Sunday, February 9, 2014

Hits from Google searches

A silly review of search phrases that drive people to my blog.

Sometimes I peek at the Google searches that get folks to my blog--some make sense, some less so, and some are just bizarre.

Here are some from this week:

"barometer worksheet for kids"
Please, no--just give a child a barometer, the old-fashioned kind, one that is easy to see, no magic beyond the magic of changing air pressure.

Here's one for less than $30. Hang it on the wall, maybe have the kids record its changes, which itself would be a great activity. How do we quantify changes? 

Can be found (and bought) at Stanley London

"3rd grade tide tables"
Not sure how you'd alter a tide table for the pre-pubescent crowd--if a child lives close enough to tidal water to watch it rise and fall over the years, and seems interested in the tides, she'll figure out how it works.

Those of us who grew up along the shore had them slapped up on the fridge--no sense swimming in the bay at low tide, you'd have to walk halfway to Staten Island to get in water higher than your knees.
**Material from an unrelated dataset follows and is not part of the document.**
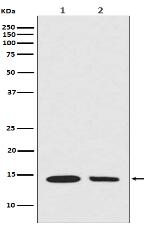 Histone H2A (hydroxyl Y39) Antibody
"are human ashes good fertilizer"
I get this one regularly, not sure why, but the human ashes you get from the crematorium are more like gritty gravel than some nitrogen-rich source of fertilizer

My step-mother dumped my Dad's ashes on his garden, but she made sure she chopped down the flowers before she did. Yeah, our clan has issues, but I never did return to see if the garden grew any better.

From our little blueberry bush in our front patch of earth.
"why are blueberries blue"
Another frequent search, and I am embarrassed to say that off-hand, I have no idea why blueberries are blue, but I am betting their named that because of their color, but apparently I had a clue back in 2011.
I do make a lot of blueberry melomel, and blueberries may be my favorite all-time fruit.

 "label the parts of the microscope"
Seriously, don't.

Study Island gets a lot of hits, too--but I don't want to talk about it.....


John Spencer said...

You know what sucks about Phoenix? We almost never get to see barometric pressure change. I had one of those old-fashioned ones and on the rare occasion that a low pressure system came in, it felt like magic. But it was truly rare.

doyle said...

Dear John,

Wow, I never thought about that!

It changes so quickly and so often here that it has a major effect on one of our AP Bio labs.

Must be odd seeing that barometer just hang steady like that.

John Spencer said...

We spend most of the year trapped by one of two different high pressure zones. Things only change during monsoon season, which is when school is out of session.

However, every once in awhile, something creaks through from September to June and it really does feel like magic.